In the film, Sinan’s double move, of writing the novel and attempting to realize his father’s dreams of finding water to give life to more wild pear trees, carries a significant emancipatory potential. As such, Sinan is liberated from the flaws of his father through the novel: he has communicated and forced his father to confront his flaws through a written text. Further, in the film, Sinan has not disowned but appropriated his father’s dreams and transformed them into ones that have meaning for himself. In the end, Sinan has started a quest that bespeaks neither reputation nor financial compensation: a humble journey on the road to rewriting history, reinscribing the presence of the disappeared former occupants and bringing productivity and life to barren lands. The inability of the father and the passive–aggressive stance by Sinan point towards the employment of new resistance towards the hegemonic masculinities in the film which will be discussed in the next section.
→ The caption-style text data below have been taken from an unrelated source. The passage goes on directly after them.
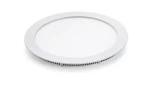 jager PL ΦΩΤΙΣΤΙΚΟ 12W 2700K  (LED062439)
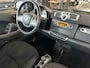 smart Fortwo coupé 1.0 mhd Pure AIRCO NW APK BJ 2011 !!!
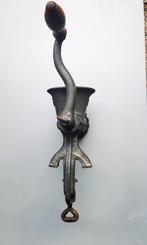 Vintage Gehaktmolen Filakovo Tsjechoslowakije, Ophalen of Verzenden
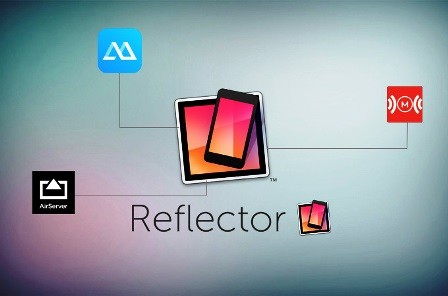 Reflector 4.1.1 Crack With Serial Key 2023 Download [Latest]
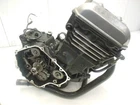 DD28 Kawasaki Ex 250 Ninja 1999 Engine Motor 11008-1201 11005-1623 13031-1247 Used. Price: $549.49.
Resisting hegemonic masculinities
Cultural memory, as Astrid Erll (Reference Erll, Erll and Nünning2008, 389) puts it, “is constituted by a host of different media, operating within various symbolic systems: religious texts, historical painting, historiography, TV documentaries, monuments, and commemorative rituals.” Erll (Reference Erll, Erll and Nünning2008, 389) illustrates in detail how each of these media has specific ways of remembering, concluding that “fictions, both novelistic and filmic … create images of the past which resonate with cultural memory.” Following Erll’s approach to the mediality of cultural memory in film, we emphasize the significance of cinematic fantasizing in Ahlat Ağacı, which carries the potential of unsettling the collective amnesia brought about by mythmaking based on the Gallipoli wars. In fact, the entire film revolves around a quest to unearth what could be missing from these domineering myths of Gallipoli and their connections to the hegemonic masculinities that Sinan (the lead character) seeks to resist.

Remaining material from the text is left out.